|Original title: So Long at the Fair|
|Rating: (3.5 / 5)|
|Directors: Antony Darnborough, Terence Fisher|
|Duration: 86 min.|
|Genres: Drama, Mystery|
So Long at the Fair tells a story that supposedly is an urban legend. The urban legend tells the same story, except it is of a mother and her daughter. In this case, I guess the film in its early stages needed a male counterpart to Jean Simmons. So we get the same story, but with a brother (David Tomlinson) and sister instead. I would like to tell about the urban legend, but it would kind of spoil the entire film, so I’ll just leave that be. Instead, the first parts of the story should be more than enough to make anyone want to see the film.
So Long at the Fair
We start off with a young couple – brother and sister as we now know – traveling from Naples to Paris. The girl (Vicky Barton) is kind of nagging to go visit places while her brother (Johnny Barton) has work to do. They talk about the world fair and the Eiffel tower. Once they arrive at their Paris hotel, Johnny realises he forgot one of his suitcases outside. Vicky finishes registering while he is going back outside to get it. She then leaves the desk to go upstairs to her room when Johnny returns. They are given rooms 18 and 19. An important piece of information, as it turns out.

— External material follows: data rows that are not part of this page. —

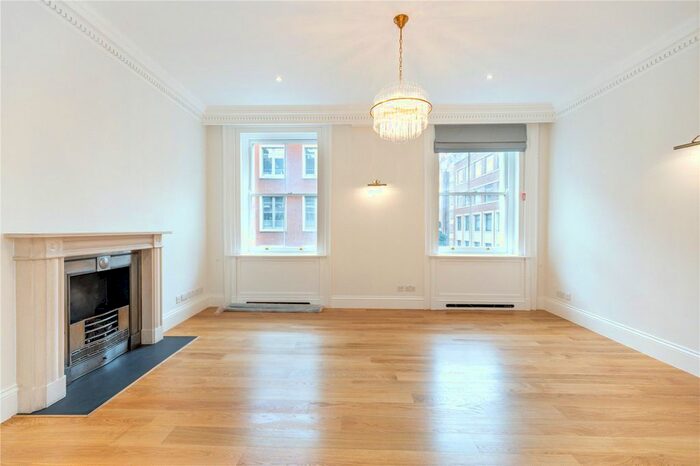 2 Bedroom Flat To Rent In Curzon Square, London, W1J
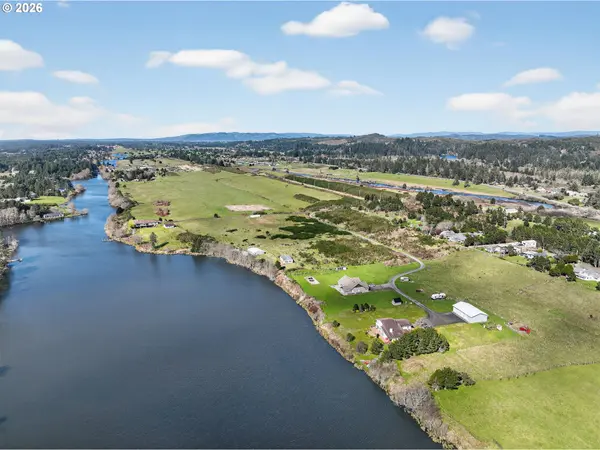 89953 SEALES RD, Warrenton, OR 97146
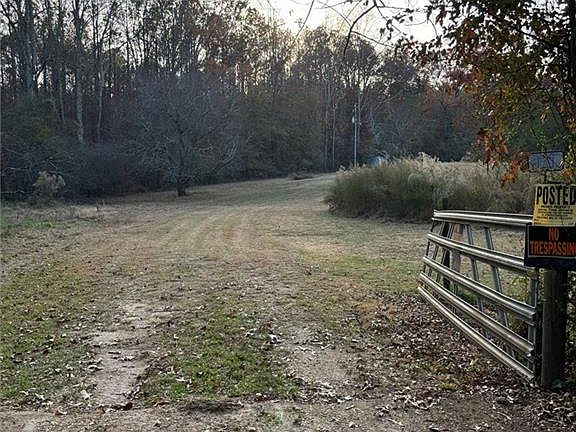 2nd image of 222 Norman Rd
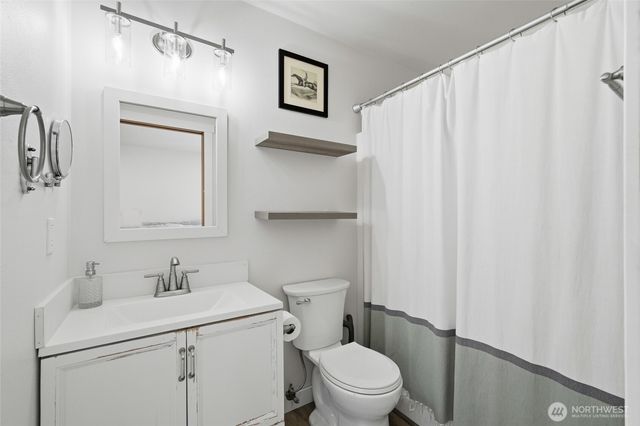 17019 120th Place NE, Arlington, WA 98223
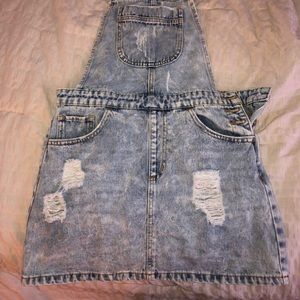 Overall dress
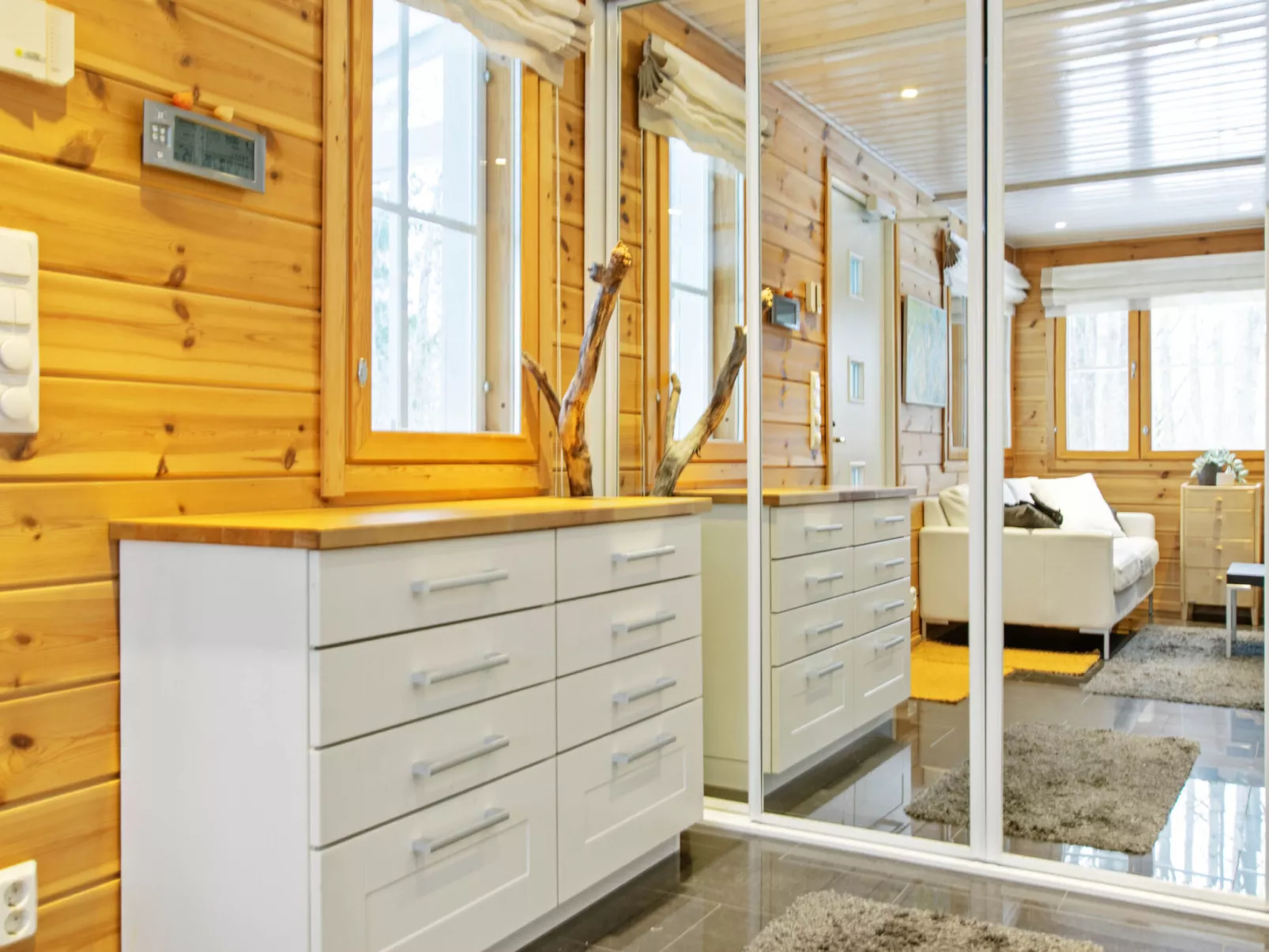 Aurinko vanaja - Binnen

Johnny is rather tired at this point, but Vicky talks him into enjoying the Paris nightlife for a while. When they get back, Vicky goes to her room (18). Johnny stays downstairs a little while to have a drink. He lends a man (Dirk Bogarde) some money to pay for his ride, talks to him some more, and then also retires. The next morning, no Johnny. When Vicky goes out to look for him in his room, there are only rooms 18 and 20. Room 19 turns out to be the bathroom. Well gosh darn, what just happened? And where did Johnny go? Pretty sure his room was 19…
Where’s Johnny? We had to wait until 1980 for that one…

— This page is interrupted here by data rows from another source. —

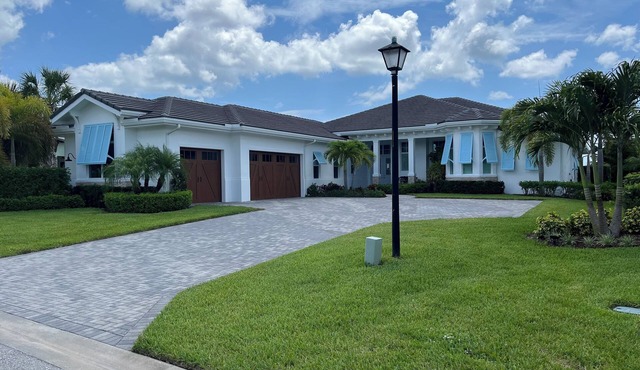 Beautiful 4-bedroom house with AC in welcoming Vero Beach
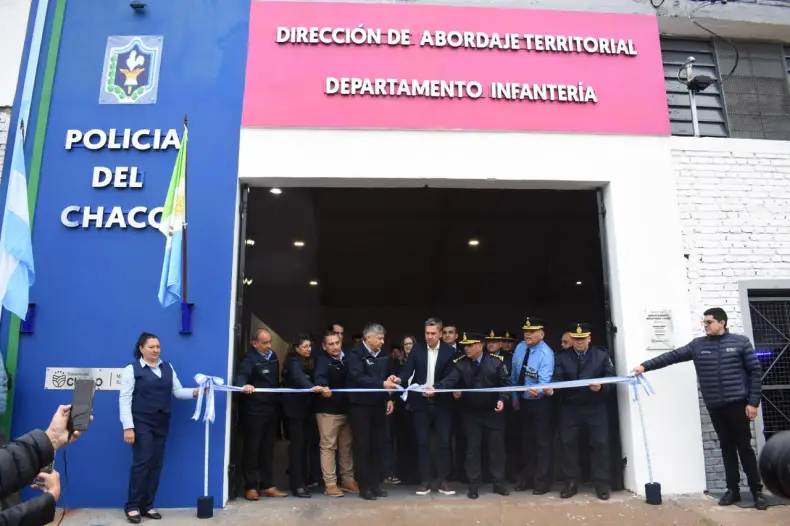 Zdero inauguró la sede de Infantería en Resistencia: «Se encargaron de que no haya más piquetes y hoy reconocemos esa labor»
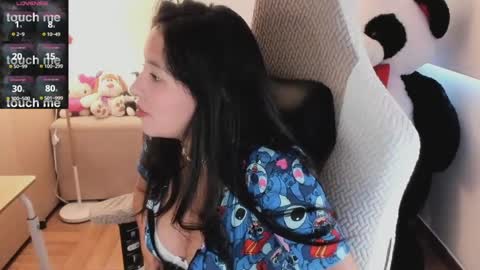 andrea_bonnie online show from April 1, 2026, 10:51 pm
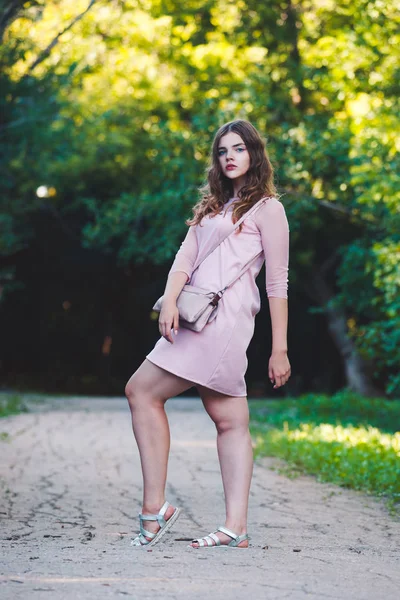 Ganzkörperporträt Eines Schönen Size Modells Rosa Kleid Junge Frau Freien — Stockfoto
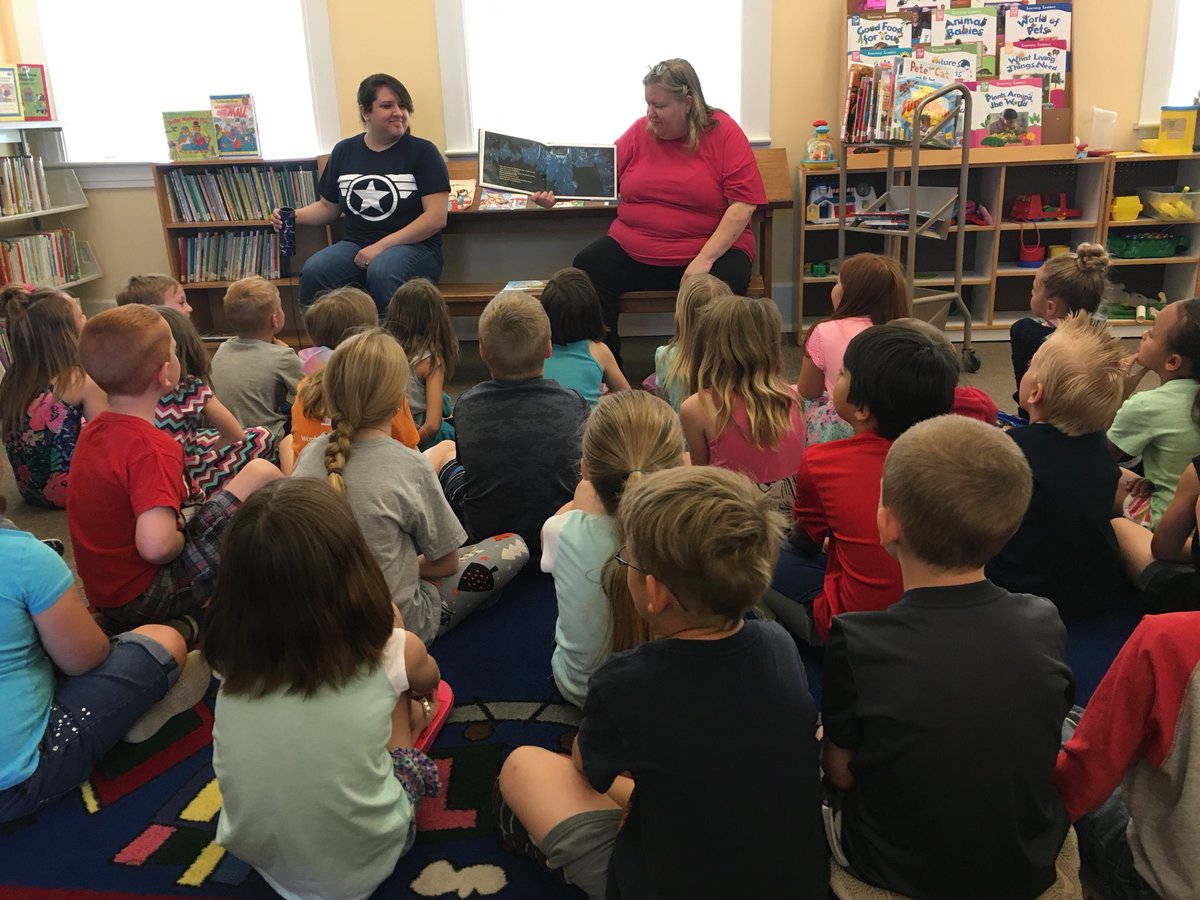wirebr's tweet image. First graders visit Chanute Public Library to listen to stories and learn about the summer reading program. #chanutestars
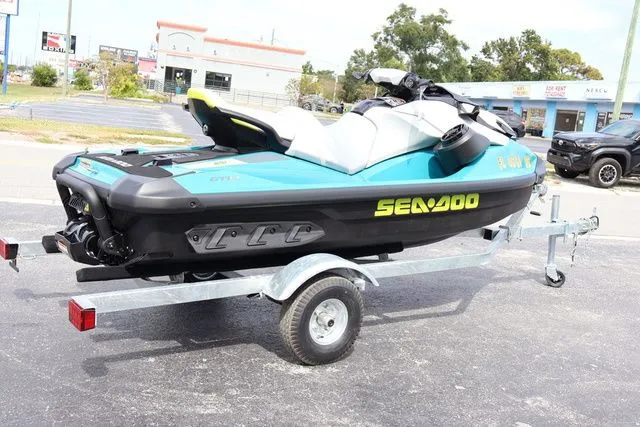 Slide: The Image of Sea-Doo GTI 2025 - 6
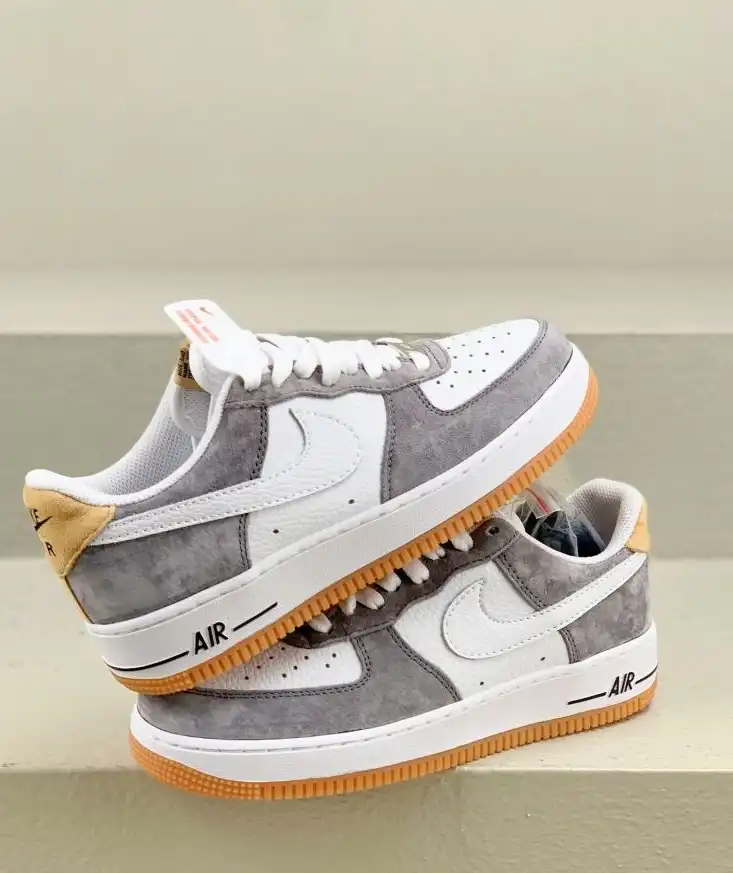 hype Nike Sneakers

Downstairs we go, to the hotel manager. That seems like a solid idea. She looks a little jumpy, but tells Vicky there is and never was a room 19 on her floor. It is the toilet. What’s more, she doesn’t remember her having anyone with her. As far as she’s concerned, Vicky checked in alone and doesn’t have a brother. Room 20 turns out to be occupied by different people so it wasn’t a matter of mixing up room numbers. Also, Johnny’s name doesn’t turn up in the hotel’s register. But he didn’t sign, because he was getting his luggage. Right?

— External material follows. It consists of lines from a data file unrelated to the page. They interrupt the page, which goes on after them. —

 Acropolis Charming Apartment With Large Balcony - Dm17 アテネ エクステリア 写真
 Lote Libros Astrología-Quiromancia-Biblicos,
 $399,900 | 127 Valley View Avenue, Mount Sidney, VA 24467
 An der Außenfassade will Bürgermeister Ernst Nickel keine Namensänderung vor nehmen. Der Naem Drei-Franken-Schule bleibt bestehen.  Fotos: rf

Similarly to the hotel staff, a man at the British Consulate tells her she might not be well, or that she is making it all up. People disappear, hotel rooms do not. Either way, proof is needed to get anyone to help her. So now it’s a matter of tracking down someone who remembers. We know there is at least one man (carriage fare guy) who knows. But Vicky doesn’t know about this. Will she find him, or someone else perhaps, who can help?
Vicky heads off to find various people trying to get a sliver of evidence that her brother was actually with her the previous day. In the meanwhile, no one in the hotel seems to be able to remember Johnny. Not even the boy who helped with their luggage. Luckily, Vicky is nothing like Gaslight’s Paula Alquist. Ingrid Bergman, this is how you deal with annoying people telling you that you’re imagining things!
Vicky persists in her story, and tries everything to find Johnny. It even takes her to the world fair to track down a maid. As an audience of course we know that Johnny’s room was indeed room 19. So what happened? Where did he go? And why is the hotel staff acting so strange. Of course we learn the truth after some prying, prodding, sneaking around and climbing down windows. Did NOT see that coming. But then again, if you think about it, it does make some sense. But, film’s over, take off your tin foil hats and continue your day.
So Long at the Fair isn’t spectacular in terms of directing or music. The acting is solid and the scenery is nice, but to me it is the story that makes it so enjoyable. Well, and Jean Simmons, who is just amazing, but that’s not entirely objective. At the very end, when all is revealed, it makes you think. Could anything like this ever really have happened? Or could it ever happen today? At the very least, it seems a whole lot more credible than a faked moon landing or Jesus in my crazy neighbour’s corn flakes.